El financiero francés que ayudó a modernizar la España del siglo XIX
José Buschental tuvo un papel destacado en la economía española hasta que perdió el favor del gobierno y emigró a Sudamérica
Hace cuatro años y medio, en diciembre de 2021, hablamos de Gaspar Remisa, un osonense instalado en Madrid que movía los hilos de las finanzas del Estado durante la primera mitad del siglo XIX. Uno de los personajes con quien a menudo se relacionaba era un inversor de origen francés llamado José Buschental, quien también sería un personaje clave de la Hacienda española de aquellos tiempos.
Hijo de un rabino y escritor de cierta fama, Buschental nació en Estrasburgo, pero antes de la treintena ya se le encuentra viviendo en Brasil, donde prosperó gracias a su capacidad de sacar dinero de debajo de las piedras. Los socios de sus proyectos empresariales normalmente no tenían tanta suerte, mientras él siempre mostraba una capacidad insólita para caer de pie.

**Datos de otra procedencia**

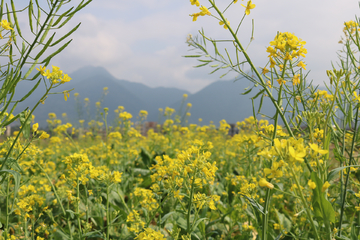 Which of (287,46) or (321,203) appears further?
(287,46)

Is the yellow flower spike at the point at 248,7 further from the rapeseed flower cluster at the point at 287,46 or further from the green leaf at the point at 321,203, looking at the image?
the green leaf at the point at 321,203

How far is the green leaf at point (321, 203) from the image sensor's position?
2.64 ft

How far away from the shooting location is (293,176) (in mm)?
678

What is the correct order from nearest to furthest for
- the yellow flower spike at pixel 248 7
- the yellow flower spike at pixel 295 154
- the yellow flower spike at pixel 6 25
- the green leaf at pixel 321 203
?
1. the yellow flower spike at pixel 295 154
2. the green leaf at pixel 321 203
3. the yellow flower spike at pixel 6 25
4. the yellow flower spike at pixel 248 7

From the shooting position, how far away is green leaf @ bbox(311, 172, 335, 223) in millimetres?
804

En aquel país conoció a la hija del Barón de Sorocaba y se casó con ella (1830). Su esposa, María de Gloria de Castro Delfim Pereira, le abrió las puertas de las élites locales, porque la familia tenía una relación muy estrecha con el emperador de Brasil, Pedro I. Desde entonces, Buschental se entregó a una vida de lujo que no duraría mucho porque una fuerte crisis financiera en el país le obligó a buscar nuevos horizontes.
- Empresario y financiero
La salida fue volver a saltar el Atlántico y establecerse en Londres, en lo que fue solo una estancia temporal para su destino definitivo, que no era otro que Madrid. La llegada a la capital española con un despliegue de lujo y apariencias le sirvió para empezar a alternar con los poderosos del Estado, al mismo tiempo que su mujer hacía uso de las relaciones con la familia real de Brasil para entrar en el círculo de amistades de Isabel II.
En España, Buschental se hizo un nombre como experto en levantar capitales para proyectos y también en emisiones de deuda. Desde la década de los cuarenta lo encontramos formando parte del consejo de administración de un buen puñado de negocios –algunos con nombres bien estrambóticos– entre los que destacan la compañía ferroviaria Camino de Hierro del Centro de España, la empresa de carruajes Compañía de Transportes Generales de España, la Compañía Peninsular General para el Alumbrado de Gas (donde también estaba el Marqués de Salamanca y el mencionado Gaspar Remisa), La Esperanza - Compañía Española para Elevar La Industria Fabril a su Mayor Grado de Perfección y Baratura, o la concesionaria de coches de transporte Collantes, Moore y Cia, entre otros.
Su amistad con el Marqués de Salamanca –el promotor del conocido barrio madrileño– le sirvió para recibir continuos encargos del Estado para buscar inversores, sobre todo en la City de Londres y en París, con la finalidad de colocar las emisiones de deuda pública, una tarea heroica por la escasa confianza que España ofrecía a los mercados internacionales. En 1847 José de Salamanca llegó a ser ministro de Hacienda. En una época de fuerte especulación financiera, las inversiones se convirtieron en una montaña rusa y en una de las caídas Buschental vio cómo su fortuna se evaporaba y, además, el presidente del gobierno, Ramón Narváez, lo desterró. Una vez más, tocaba hacer las maletas.
Retorno a Sudamérica
Después de breves temporadas en París y en Montevideo (Uruguay), en 1850 fijó su residencia en Argentina, pero su esposa no lo acompaó, sino que prefirió quedarse a vivir en la capital francesa. En Argentina, Buschental trabó amistad con José de Urquiza, que no mucho después sería el presidente del país sudamericano. La relación le sirvió para resurgir y llegar a ser uno de los principales banqueros del país, en una etapa de éxito que se prolongó hasta 1860, momento en que Urquiza dejó la presidencia.
Ante la falta de perspectivas, Buschental optó por volver a cambiar de país; en esta ocasión, puso los pies en Uruguay, un lugar que ya conocía. Una de sus inversiones más relevantes allí fue la construcción de lo que se considera el primer hotel turístico del país, el Hotel Oriental, inaugurado en 1862 en la ciudad de Santa Lucía. Muchos años más tarde, en 1920, el establecimiento pasaría a llamarse Biltmore Hotel y sería lugar de concentración de clubes de fútbol como el Peñarol, el Club Nacional y el River Plate, a los cuales en alguna noche de fiesta se les unió el cantante Carlos Gardel.
En 1870 la salud de Buschental empeoró de forma súbita, lo cual lo empujó a viajar a Europa para visitarse con médicos del continente. Un periplo por Madrid, Florencia, Londres y que tenía como punto final Nueva York quedó truncado en la capital inglesa, donde murió mientras se alojaba en el hotel Clarendon.